» Supplied records

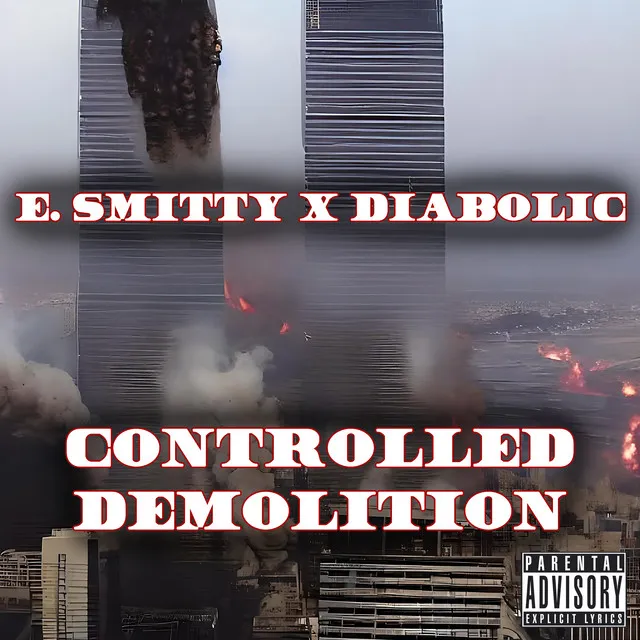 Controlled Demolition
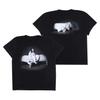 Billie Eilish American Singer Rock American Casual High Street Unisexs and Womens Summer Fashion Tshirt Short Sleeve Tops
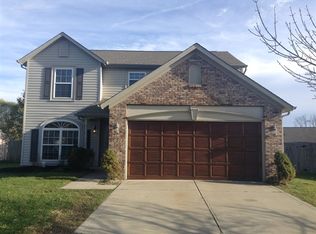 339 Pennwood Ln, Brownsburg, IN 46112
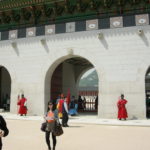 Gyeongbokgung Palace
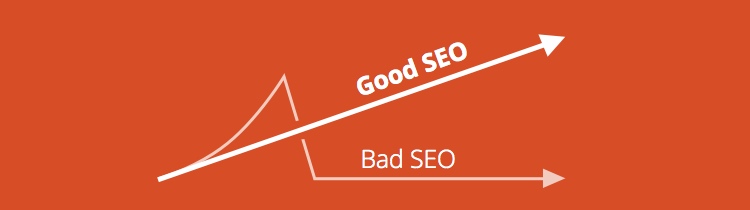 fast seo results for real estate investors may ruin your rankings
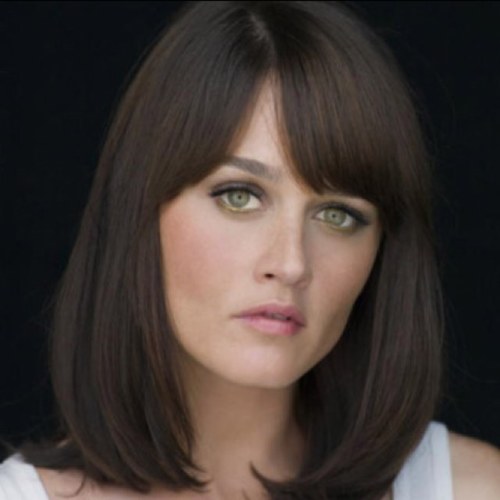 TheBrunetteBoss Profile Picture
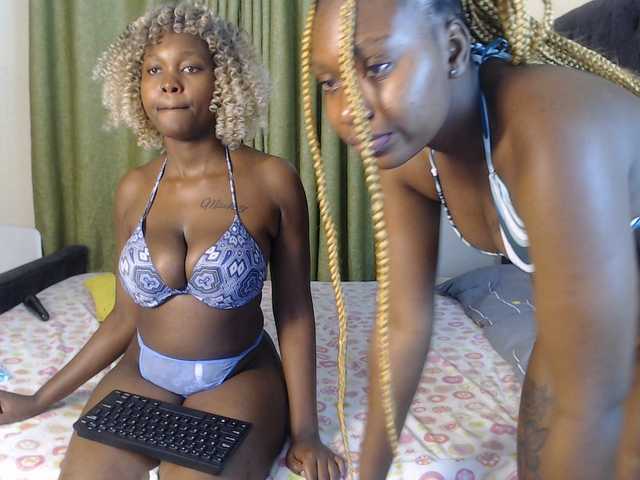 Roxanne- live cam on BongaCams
---
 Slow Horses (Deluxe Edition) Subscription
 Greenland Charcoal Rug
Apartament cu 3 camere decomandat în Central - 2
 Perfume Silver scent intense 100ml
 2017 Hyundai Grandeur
---
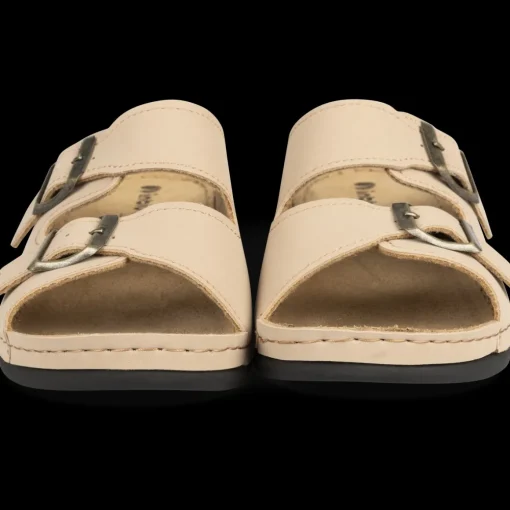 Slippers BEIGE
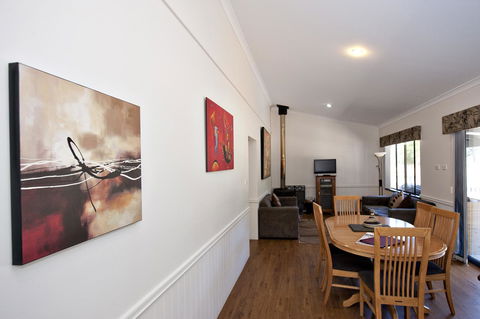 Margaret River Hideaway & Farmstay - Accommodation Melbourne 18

» Directions for this task
An exact copy is needed. It runs from the line above containing "Controlled Demolition" down to the line containing "Roxanne- live cam on BongaCams", both included, with no pictures.

» Finished exercise
 Controlled Demolition
 Billie Eilish American Singer Rock American Casual High Street Unisexs and Womens Summer Fashion Tshirt Short Sleeve Tops
 339 Pennwood Ln, Brownsburg, IN 46112
 Gyeongbokgung Palace
 fast seo results for real estate investors may ruin your rankings
 TheBrunetteBoss Profile Picture
 Roxanne- live cam on BongaCams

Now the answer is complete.